The outlet openings 69 are assigned to a channel located in the coupling component 56, preferably an annular channel 71, which is open on the silencer side. This is provided with a radial extension 72, to which the further exhaust line 53 is connected.

For external sealing of the silencer 54 with respect to the coupling component 56, a peripheral sealing ring 73 is provided, which is arranged concentrically with respect to the pipe socket 63. The flange component 52 and the silencer 54 according to Figure 1 are also expediently designed like the coupling component 56 or the silencer 54 according to Figure 3.

In the embodiments described, the exhaust gas from the pump outlet (36) passes into the interior (65) of the silencer (54). The subsequent multiple deflections bring about the desired sound attenuation.

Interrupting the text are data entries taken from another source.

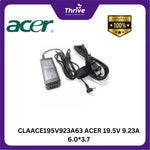 Load image into Gallery viewer, CLAACE195V923A63 ACER 19.5V 9.23A 6.0*3.7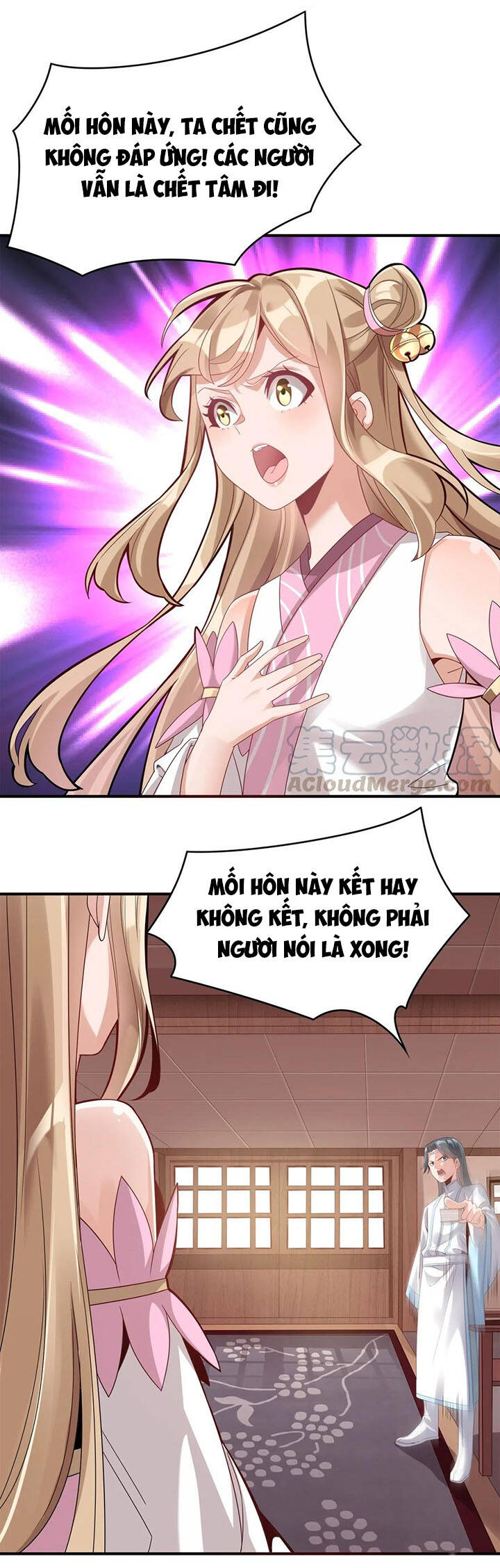 Sau Khi Max Độ Yêu Thích chapter 3 - Trang 5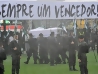 Despedida a jugadores de Chapecoense || NELSON ALMEIDA / AFP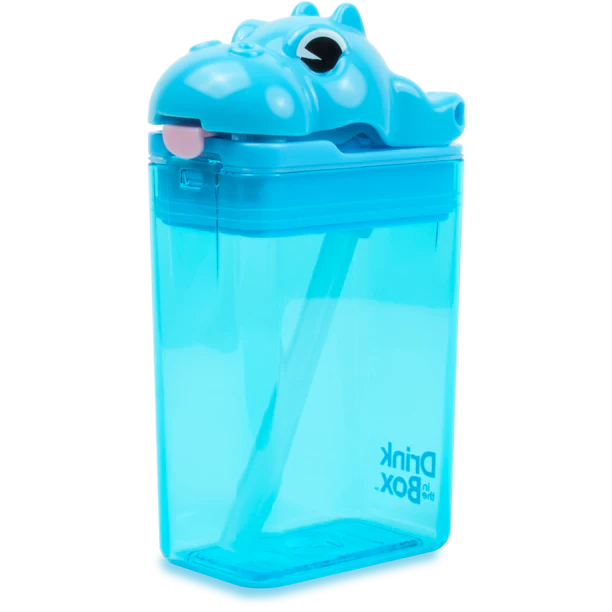 Funtops Refillable Drink Box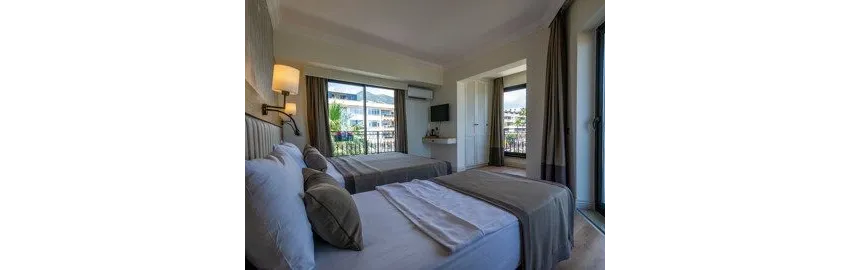 De'manor Boutique Hotel (Ex. M.C.A. Marquis Hotel) 3*-9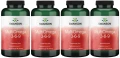 4 x MultiOmega 3-6-9 120kaps, Swanson.webp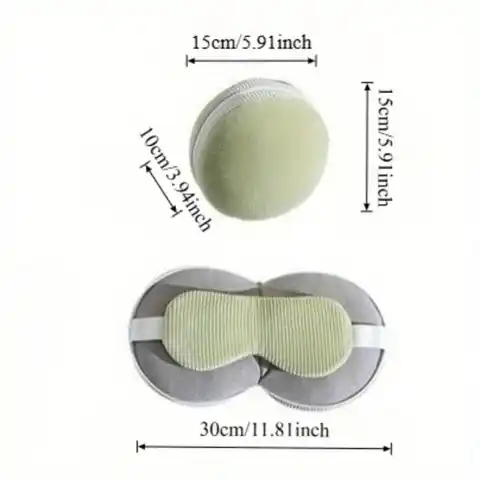 6 best sales आँखों का आवरण - №5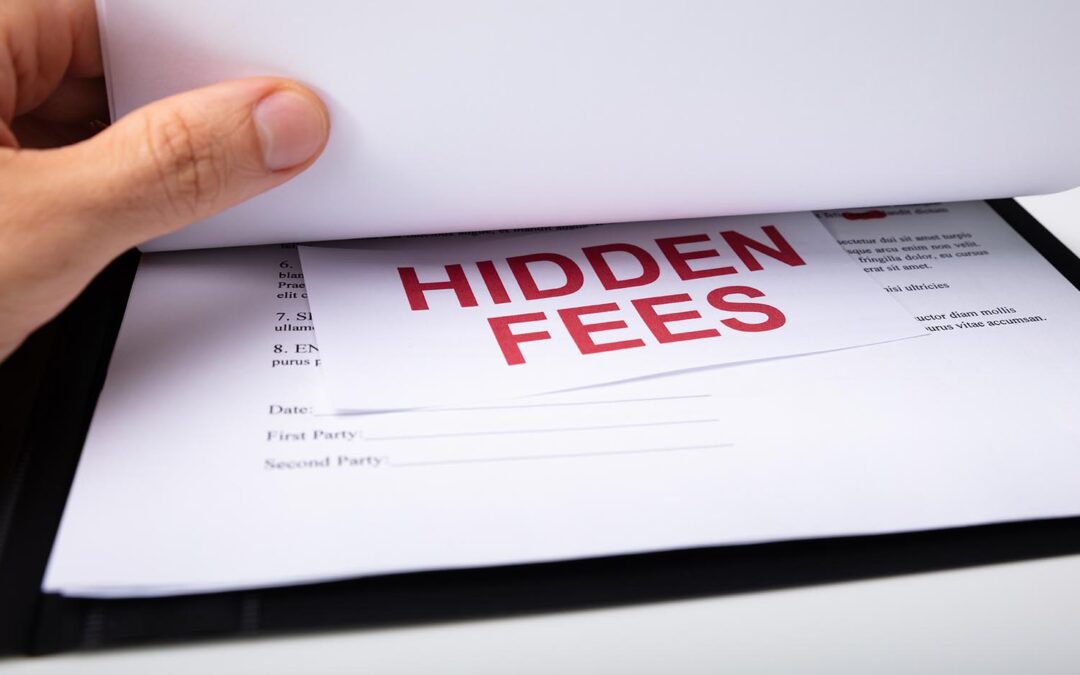 Hidden Fees are Harming 401(k) Savings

The exhaust gases then exit from the outlet openings (69) and pass through the ring channel (71) in the coupling component (56) into the exhaust line (53).

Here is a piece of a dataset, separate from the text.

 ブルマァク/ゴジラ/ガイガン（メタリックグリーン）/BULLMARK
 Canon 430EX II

As already mentioned, an intermediate component that can be optionally installed between the coupling component (56) and the outlet nozzle (55) is used to hold sensors (58). In the embodiment according to Figure 3, a sensor (58) is connected to the silencer inlet area. In the event of dust deposits in the silencer (54), the flow resistance increases, which results in an increase in pressure in the silencer inlet area. The pressure sensor can therefore be used to monitor the load of deposits on the silencer (54).

In the embodiment according to Figure 3, a further pressure sensor (58) is also shown, which is connected to the outlet area of the silencer (54) via the bore (74). When using two pressure sensors (58) in this way, it is possible to observe the dust load on the silencer (54) by observing the difference in the pressures recorded by the sensors.

Claims (11)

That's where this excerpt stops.